Model service 154 may select one or more candidate logs corresponding to the mapped log templates as critical logs based on the ranking of the mapped log templates (608). In some instances, model service 154 may first select mapped log templates based on the ranking, then select corresponding candidate logs by mapping the candidate logs with a most recent timestamp back to mapped log templates. In some examples, model service 154 may extract candidate logs as critical logs based on instances of log templates that are selected based on a ranking heuristic. Model service 154 may output at least one of an indication of the critical logs to determine a potential root cause associated with a performance issue of a network application or an indication of the potential root cause associated with the performance issue of the network application (610).

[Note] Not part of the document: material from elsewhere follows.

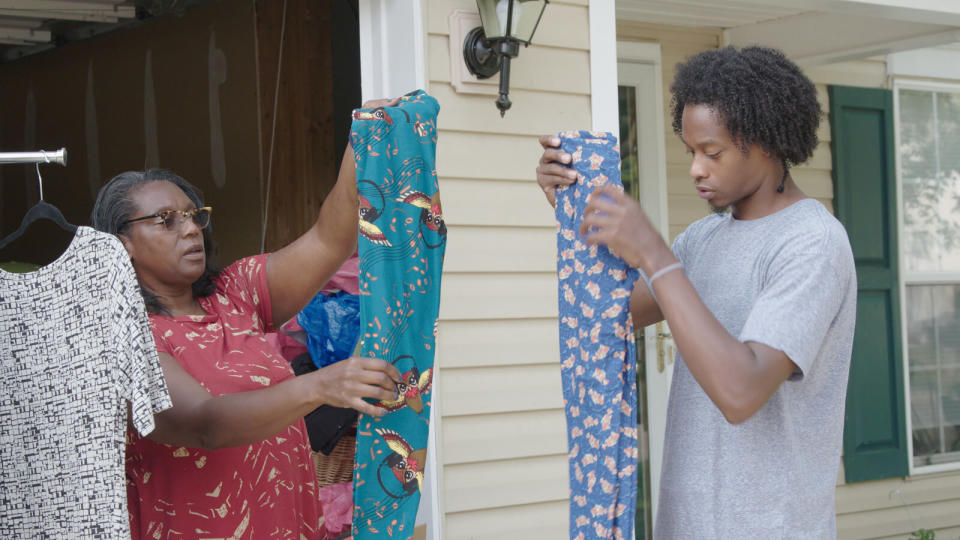 A man and woman hold up LuLaRoe leggings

The techniques described herein may be implemented in hardware, software, firmware, or any combination thereof. Various features described as modules, units or components may be implemented together in an integrated logic device or separately as discrete but interoperable logic devices or other hardware devices. In some cases, various features of electronic circuitry may be implemented as one or more integrated circuit devices, such as an integrated circuit chip or chipset.

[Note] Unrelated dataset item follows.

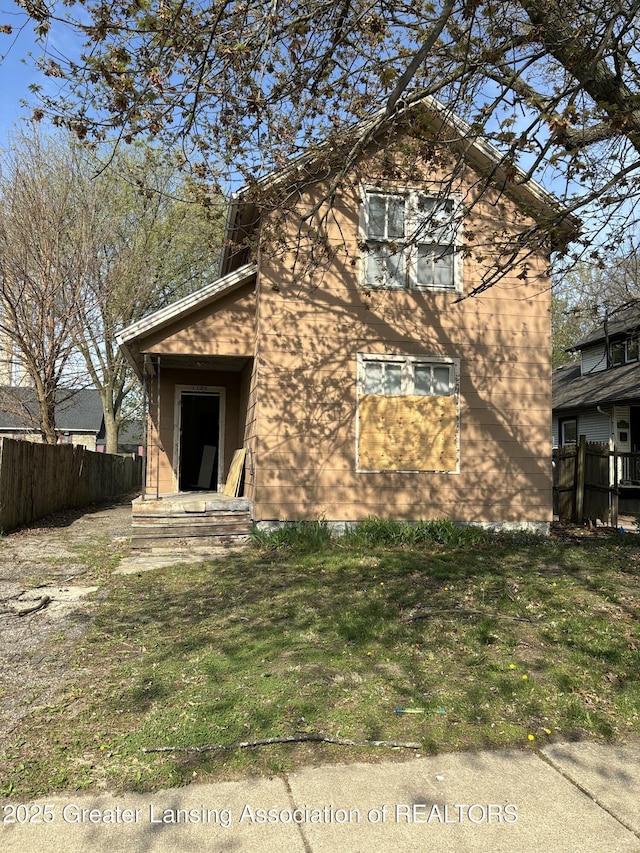 exterior space with fence and a lawn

If implemented in hardware, this disclosure may be directed to an apparatus such as a processor or an integrated circuit device, such as an integrated circuit chip or chipset. Alternatively or additionally, if implemented in software or firmware, the techniques may be realized at least in part by a computer-readable data storage media comprising instructions that, when executed, cause one or more processors to perform one or more of the methods described above. For example, the computer-readable data storage media may store such instructions for execution by one or more processors.
A computer-readable medium may form part of a computer program product, which may include packaging materials. A computer-readable medium may comprise a computer data storage medium such as random-access memory (RAM), read-only memory (ROM), non-volatile random access memory (NVRAM), electrically erasable programmable read-only memory (EEPROM), Flash memory, magnetic or optical data storage media, and the like. In some examples, an article of manufacture may comprise one or more computer-readable storage media. Computer-readable storage media may be distributed among multiple packages, devices, or other components capable of being configured with computer instructions.
In some examples, the computer-readable storage media may comprise non-transitory media. The term “non-transitory” may indicate that the storage medium is not embodied in a carrier wave or a propagated signal. In certain examples, a non-transitory storage medium may store data that can, over time, change (e.g., in RAM or cache).
The code or instructions may be software and/or firmware executed by processing circuitry including one or more processors, such as one or more digital signal processors (DSPs), general purpose microprocessors, application-specific integrated circuits (ASICs), field-programmable gate arrays (FPGAs), or other equivalent integrated or discrete logic circuitry. Accordingly, the term “processor,” as used herein may refer to any of the foregoing structure or any other structure suitable for implementation of the techniques described herein. In addition, in some aspects, functionality described in this disclosure may be provided within software modules or hardware modules.